Top of RECORDS SUPPLIED

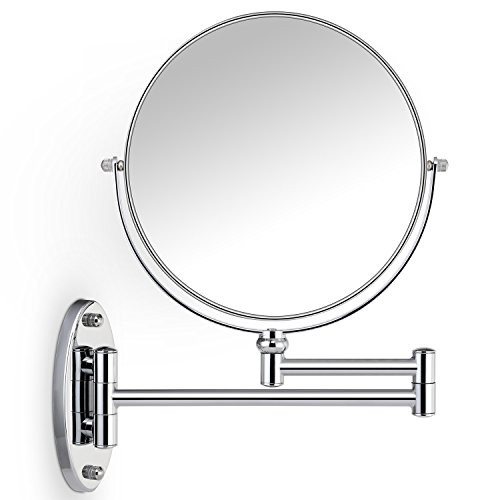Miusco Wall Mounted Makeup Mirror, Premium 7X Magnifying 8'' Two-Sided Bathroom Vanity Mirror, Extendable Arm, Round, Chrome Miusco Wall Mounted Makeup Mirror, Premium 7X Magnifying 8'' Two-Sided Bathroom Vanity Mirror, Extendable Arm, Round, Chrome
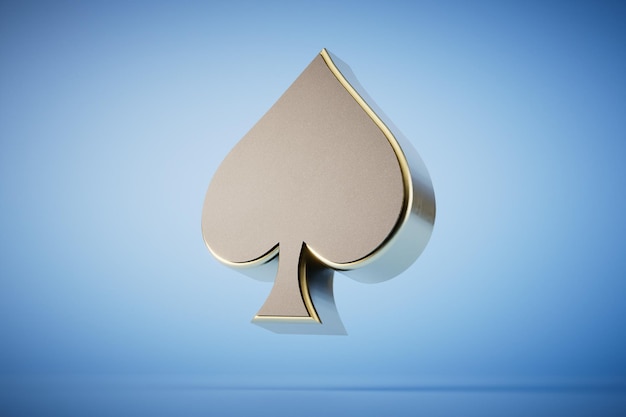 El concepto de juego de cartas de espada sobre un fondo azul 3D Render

Bottom of RECORDS SUPPLIED
Top of RECORDS SUPPLIED

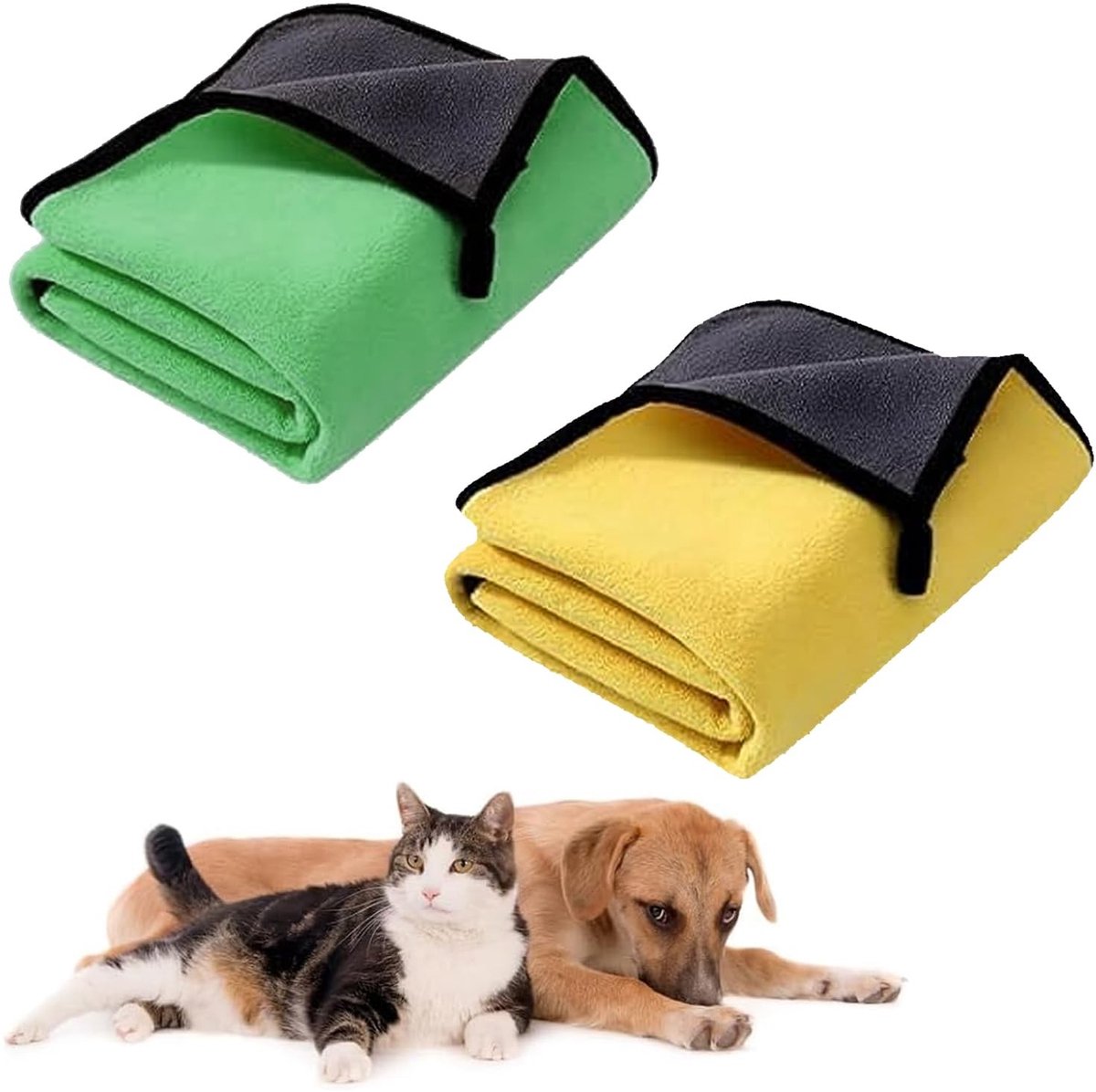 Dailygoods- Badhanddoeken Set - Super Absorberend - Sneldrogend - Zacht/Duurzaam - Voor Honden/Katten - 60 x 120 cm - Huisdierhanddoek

Bottom of RECORDS SUPPLIED

AIM OF THE TASK: In the listing above, find the line with "Round, Chrome Miusco" and the line with "El concepto de". Copy exactly those lines and all between them, minus the images.

TASK OUTPUT:
Miusco Wall Mounted Makeup Mirror, Premium 7X Magnifying 8'' Two-Sided Bathroom Vanity Mirror, Extendable Arm, Round, Chrome Miusco Wall Mounted Makeup Mirror, Premium 7X Magnifying 8'' Two-Sided Bathroom Vanity Mirror, Extendable Arm, Round, Chrome
 El concepto de juego de cartas de espada sobre un fondo azul 3D Render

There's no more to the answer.